Cardiovascular Complications during the Acute Phase of Spinal Cord Injury Executive Summary
Mirkowski M, Faltynek P, Benton B, McIntyre A, Krassioukov A, Teasell RW. (2019). Cardiovascular Complications during the Acute Phase of Spinal Cord Injury. In Eng JJ, Teasell RW, Miller WC, Wolfe DL, Townson AF, Hsieh JTC, Connolly SJ, Noonan VK, Loh E, McIntyre A, editors. Spinal Cord Injury Research Evidence. Version 7.0: p 1-27.
1.0 Executive Summary
Cardiovascular complications post SCI fall broadly into four categories; neurogenic shock, orthostatic hypotension, hemodynamic changes, and bradycardia and arrythmias. Cardiovascular complications are common following SCI due to secondary dysfunction of the autonomic nervous system (Malmqvist et al., 2015). Given cardiovascular control is heavily dependent on neural control from medullar and spinal cord circuits, it is highly likely that SCI patients will experience some cardiovascular dysfunction. Currently there is no consensus as to whether injury severity is related to cardiovascular dysfunction (West et al., 2013).

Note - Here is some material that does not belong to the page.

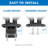 Height Adjustable Universal 2 Screen Desk Mount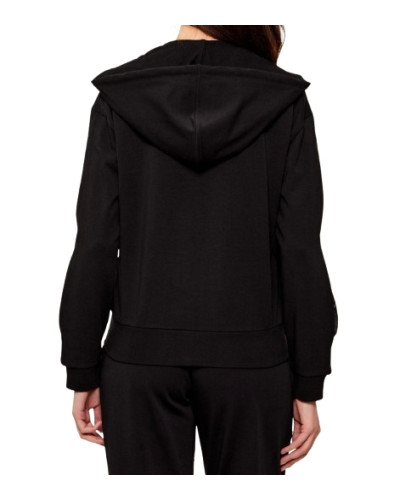 Felpa aperta donna Liu Jo con zip nero ES26LJ12 TA6090 FS090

Disrupted sympathetic and parasympathetic activity can lead to changes in arterial BP and HR. Neurogenic shock refers to the presence of bradycardia and arterial hypotension without a clear etiology (Furlan & Fehlings, 2008; Krassioukov, 2009; Popa et al., 2010). Bradycardia is defined as a HR of less than 60 beats per minute, and arterial hypotension is defined as a systolic BP below 90 mmHg and a diastolic BP of less than 60 mmHg (Popa et al., 2010; Wecht et al., 2013). Lower HR and lower BP is common among acute SCI patients due to reduced SNS activity. Initially post SCI, rates of neurogenic shock have been found to be anywhere between 7% and 24%, with 53% of cervical SCI patients presenting with neurogenic shock (Mallek et al., 2012; Ruiz et al., 2018). Treatments for neurogenic shock are primarily pharmacological. Vasopressor administration, in the form of pseudoephedrine, is the most commonly reported treatment, although there is a lack of strong evidence to support the continued use of pseudoephedrine as an intervention for neurogenic shock (Wood et al., 2014).
Orthostatic Hypotension (OH)
OH is identified as a minimum decrease in systolic BP of 20 mmHg, or a minimum decrease of 10 mmHg in diastolic BP when patients are moved to an upright position from lying posture. Observed incidences of OH in the SCI population are between 60-70%, with those with cervical and upper thoracic injuries having slightly higher incidence rates. For the treatment of orthostatic hypotension, tilt tables in combination with functional electrical stimulation are the predominant non-pharmacological interventions. Combining tilt tables with FES has been shown to be effective for improving and raising BP in SCI populations significantly (Tesini et al., 2013; Elokda et al., 2000). Tilt tables alone have been shown to reduce BP further, so tilt tables should be used in combination with FES; otherwise, there is the risk of further reducing BP in patients.
Management of hemodynamic changes during the acute phase of SCI has focused on the effectiveness of early aggressive support on neurological outcomes. In general, hemodynamic management involves a multi-pronged approach which includes administering fluids, vasopressors, decompressive surgery, and pulmonary catheters. Two studies have shown that this type of aggressive treatment may be effective for improving neurological outcomes post SCI (Vale et al., 1997; Levi et al., 1993).
Incidences of cardiovascular complications post SCI are high, as vasculature control is provided by the T1 to L2 segments of the spinal cord. Proactively treating hemodynamic instability may improve neurological outcomes; treatment reacting to hemodynamic abnormalities post SCI has limited evidence and focuses on a combination of pharmacological and non-pharmacological treatments.